On 25 Mar 2021, at 15:13, Kwangsun Noh <[hidden email]> wrote:



Hi, Spark users.


Currently I have to make multiple tables in hdfs using spark api.

The tables need to made by each other users.


For example, table01 is owned by user01, table02 is owned by user02 like below.


path                                     | owner:group   | permission

/data/table01/                      | user01:spark   |770

/data/table01/_SUCESS     | user01:spark   |770  

/data/table01/part_xxxxx     | user01:spark   |770  

/data/table01/part_xxxxx     | user01:spark   |770    

...

/data/table02/                      | user02:spark   |770

...

/data/table03/                      | user03:spark   |770

...




Actually I used the UGI to make them. but the directories was made as i expect.

But the files (part_xxxxx) was made by the user that launched the spark application.


Is it possible to do what i want ?

Reply | Threaded
Open this post in threaded view
|

Re: Is it enable to use Multiple UGIs in One Spark Context?

"Yuri Oleynikov (‫יורי אולייניקוב‬‎)"
I think that submitting the spark job on behalf of user01 will solve the problem.
You may also try to set a sticky bit on /data/user01/rdd folder if you want to allow multiple users writing to /data/user01/rdd  same at same time, but i'd not recommend  allow multiple users writing to same dir exactly because of _temporary folder: race condition and tampering - you do not want to mess with that kind of things unless you 100% guarantee that simultaneous writing by multiple users will never happen.

Anyway, try following:
  1. hdfs dfs -chmod 1777 /data/user01/rdd
  2. run spark-submit with user A to append data to /data/user01/rdd (make sure you have correct HDFS umask set)
  3. run spark-submit with user B to append data to /data/user01/rdd (make sure you have correct HDFS umask set)
  4. run spark-submit with user C to read data from /data/user01/rdd  
In order to make user from domain A be able to read data without job failing, i'd recommend to partition  /data/user01/rdd (e.d.,  /data/user01/rdd/my_column=domain_a with corresponding UGO/ACL permissions) and filter read data by my_column:
spark.read.format("parquet").load("/data/user01/rdd").filter(functions.expr("my_column=domain_a"))

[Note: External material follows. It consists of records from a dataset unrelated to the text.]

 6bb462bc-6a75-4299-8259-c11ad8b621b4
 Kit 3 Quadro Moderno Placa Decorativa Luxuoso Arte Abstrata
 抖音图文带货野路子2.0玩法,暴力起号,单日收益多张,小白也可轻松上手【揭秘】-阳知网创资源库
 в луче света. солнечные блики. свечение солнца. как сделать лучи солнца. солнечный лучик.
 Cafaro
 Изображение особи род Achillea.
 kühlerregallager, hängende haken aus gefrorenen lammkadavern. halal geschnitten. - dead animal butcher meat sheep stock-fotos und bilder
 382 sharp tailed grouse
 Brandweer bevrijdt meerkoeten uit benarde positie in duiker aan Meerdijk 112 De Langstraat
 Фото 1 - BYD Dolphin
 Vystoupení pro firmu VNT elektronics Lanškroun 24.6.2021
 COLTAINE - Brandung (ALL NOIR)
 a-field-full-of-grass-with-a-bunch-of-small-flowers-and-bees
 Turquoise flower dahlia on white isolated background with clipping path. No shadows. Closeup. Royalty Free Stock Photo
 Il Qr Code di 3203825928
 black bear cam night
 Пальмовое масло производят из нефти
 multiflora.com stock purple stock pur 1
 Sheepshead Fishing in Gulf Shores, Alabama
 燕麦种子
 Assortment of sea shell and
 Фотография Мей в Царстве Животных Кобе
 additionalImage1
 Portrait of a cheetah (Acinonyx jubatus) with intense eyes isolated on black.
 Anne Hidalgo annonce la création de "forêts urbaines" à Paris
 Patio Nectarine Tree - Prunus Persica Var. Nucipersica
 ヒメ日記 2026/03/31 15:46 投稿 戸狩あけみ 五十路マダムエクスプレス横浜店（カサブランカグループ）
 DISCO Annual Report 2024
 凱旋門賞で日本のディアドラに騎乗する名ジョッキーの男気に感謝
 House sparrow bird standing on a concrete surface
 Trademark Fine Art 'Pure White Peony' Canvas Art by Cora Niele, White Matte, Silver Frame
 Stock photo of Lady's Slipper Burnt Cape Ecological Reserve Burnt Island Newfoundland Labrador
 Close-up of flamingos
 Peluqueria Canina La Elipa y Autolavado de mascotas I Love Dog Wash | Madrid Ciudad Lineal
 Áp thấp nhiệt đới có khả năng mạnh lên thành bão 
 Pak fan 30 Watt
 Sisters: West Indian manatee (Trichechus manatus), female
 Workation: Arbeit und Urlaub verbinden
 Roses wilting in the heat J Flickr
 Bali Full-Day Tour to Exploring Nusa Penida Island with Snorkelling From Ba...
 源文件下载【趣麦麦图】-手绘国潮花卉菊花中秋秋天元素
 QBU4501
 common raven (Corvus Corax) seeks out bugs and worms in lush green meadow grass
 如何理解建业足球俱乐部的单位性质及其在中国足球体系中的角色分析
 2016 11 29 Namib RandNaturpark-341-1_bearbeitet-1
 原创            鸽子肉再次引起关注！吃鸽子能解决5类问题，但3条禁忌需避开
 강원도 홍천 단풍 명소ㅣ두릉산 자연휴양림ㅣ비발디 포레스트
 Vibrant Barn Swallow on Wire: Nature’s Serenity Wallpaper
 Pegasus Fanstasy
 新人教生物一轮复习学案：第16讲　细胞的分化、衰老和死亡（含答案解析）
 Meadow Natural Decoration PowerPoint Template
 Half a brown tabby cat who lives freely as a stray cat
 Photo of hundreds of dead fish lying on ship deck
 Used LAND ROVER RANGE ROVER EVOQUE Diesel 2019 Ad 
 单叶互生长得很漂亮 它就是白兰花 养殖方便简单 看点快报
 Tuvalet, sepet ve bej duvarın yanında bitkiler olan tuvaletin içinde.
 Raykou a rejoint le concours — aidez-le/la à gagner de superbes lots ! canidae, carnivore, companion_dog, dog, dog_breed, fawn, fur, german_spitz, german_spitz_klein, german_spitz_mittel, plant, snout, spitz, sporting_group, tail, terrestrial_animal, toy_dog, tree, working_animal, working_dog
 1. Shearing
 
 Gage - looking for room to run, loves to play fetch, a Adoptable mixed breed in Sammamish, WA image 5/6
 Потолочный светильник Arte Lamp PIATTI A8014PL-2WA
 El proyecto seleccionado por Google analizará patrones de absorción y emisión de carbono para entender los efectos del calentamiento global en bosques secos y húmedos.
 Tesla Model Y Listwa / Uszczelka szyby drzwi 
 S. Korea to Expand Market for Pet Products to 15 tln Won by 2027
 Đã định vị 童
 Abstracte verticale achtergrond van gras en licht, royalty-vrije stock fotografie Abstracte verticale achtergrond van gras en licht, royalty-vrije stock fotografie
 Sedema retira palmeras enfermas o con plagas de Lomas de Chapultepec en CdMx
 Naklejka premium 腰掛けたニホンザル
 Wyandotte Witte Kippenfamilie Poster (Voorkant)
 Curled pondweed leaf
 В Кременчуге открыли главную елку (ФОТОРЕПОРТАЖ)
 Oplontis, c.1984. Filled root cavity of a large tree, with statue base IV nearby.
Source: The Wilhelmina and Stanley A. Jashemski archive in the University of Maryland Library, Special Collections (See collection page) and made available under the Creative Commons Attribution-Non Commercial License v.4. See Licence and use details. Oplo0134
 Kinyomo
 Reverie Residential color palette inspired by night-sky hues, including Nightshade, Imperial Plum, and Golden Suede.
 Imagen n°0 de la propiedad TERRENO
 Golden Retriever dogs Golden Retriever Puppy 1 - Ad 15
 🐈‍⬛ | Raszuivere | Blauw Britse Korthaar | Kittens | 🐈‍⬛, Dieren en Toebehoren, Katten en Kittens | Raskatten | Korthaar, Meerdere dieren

Note #1, the question is what exact goal you are trying to achieve
Note #2, I personally do not recommend allowing writing to the same dir by multiple users also because simple security guidelines (see Simple Security property and star security property of Bell-LaPadula security model)

чт, 25 мар. 2021 г. в 19:24, Kwangsun Noh <[hidden email]>:
Thank you for the first answer to my question.

Unfortunately, I have to make totally different tables

and It is not possible to make only one table via UGI.

---

below is the sample codes I wrote.

org.apache.hadoop.security.UserGroupInformation.createRemoteUser("user01").doAs(new java.security.PrivilegedExceptionAction[Unit] {
   def run = { spark.range(1, 10).write.mode("overwrite").save("hdfs://localhost:9000/data/user01/rdd") }
})

---

I got an error when i save the rdd in doAs method.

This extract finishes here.